喜んでいるのか、悲しんでいるのか、それとも歳三の言葉を信じていないのか。
抑揚のない声は感情がまったく読めなくて、細い肩を無理やり引き寄せた。

「本当だからな、千鶴」

自分でも笑えるくらい必死な声色だった。
返事の代わりに、歳三の閨着を握り締めていた小さな手がぎゅっと強まる。
歳三の胸に顔を押し付けて、もはや泣いているのかも分からない。
嗚咽が聞こえてきた方がまだ良かっただろうか。そう願ったところで、聞こえてくるのはお互いの少し乱れた呼吸のみで。
結局、どんなに言葉を重ねたって、歳三が千鶴の不安を拭い去ることなんてできない。
――当たり前だ。
それは己の限界が来るときまでついて回る。変わり様がない。
『消えない』約束をしてやりたくてもできない。する訳にいかない。
おいていかれる千鶴だって、そんなことは分かっているのだ。
出口の見えない問答に苛立つ。
いつの間にか、千鶴のほっそりとした身体を強く抱き込んでしまっていた。

「歳三さん、痛い」
「ああ……悪い」
「いえ……突然、困らせる事ばかり申し上げて、すいませんでした」

ぐす、と鼻をすすった千鶴は、いつも通りの顔に戻っているように見えた。遠慮がちに目を伏せて詫びる。
歳三が抱きしめ過ぎて、皺になった千鶴の閨着が目に入った。

「泣いて疲れたろ。

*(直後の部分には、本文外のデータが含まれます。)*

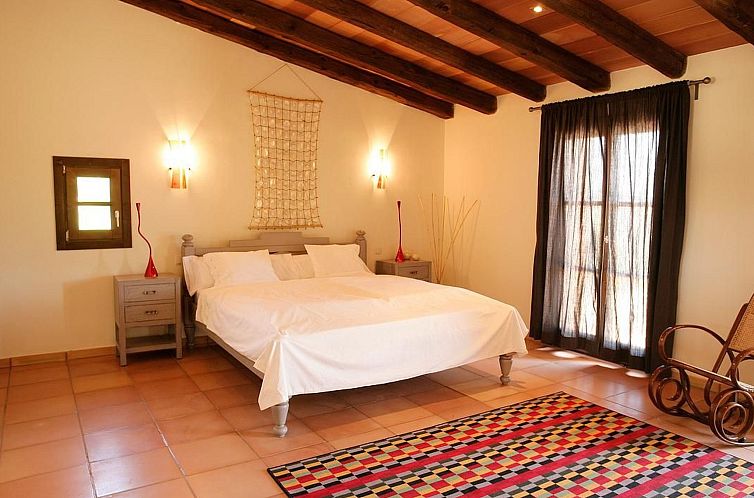 Vakantiehuis mit großem Pool,  parkähnlichen Garten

寝直すか?」
「はい……あの、手を繋いで寝ても良いでしょうか」

言葉を返すよりも前に、強く手を握ってやる。
あたたかさがじわりと広がった。

「ありがとうございます」

目尻を下げて嬉しそうに微笑む千鶴を見て、強張っていた糸が緩む。

(――まだ、大丈夫だ)

ひどく危うい日常のなかで、自分はまだ生きていける実感がある。
千鶴に返した笑顔は、うまく作れているか分からなかったけれど。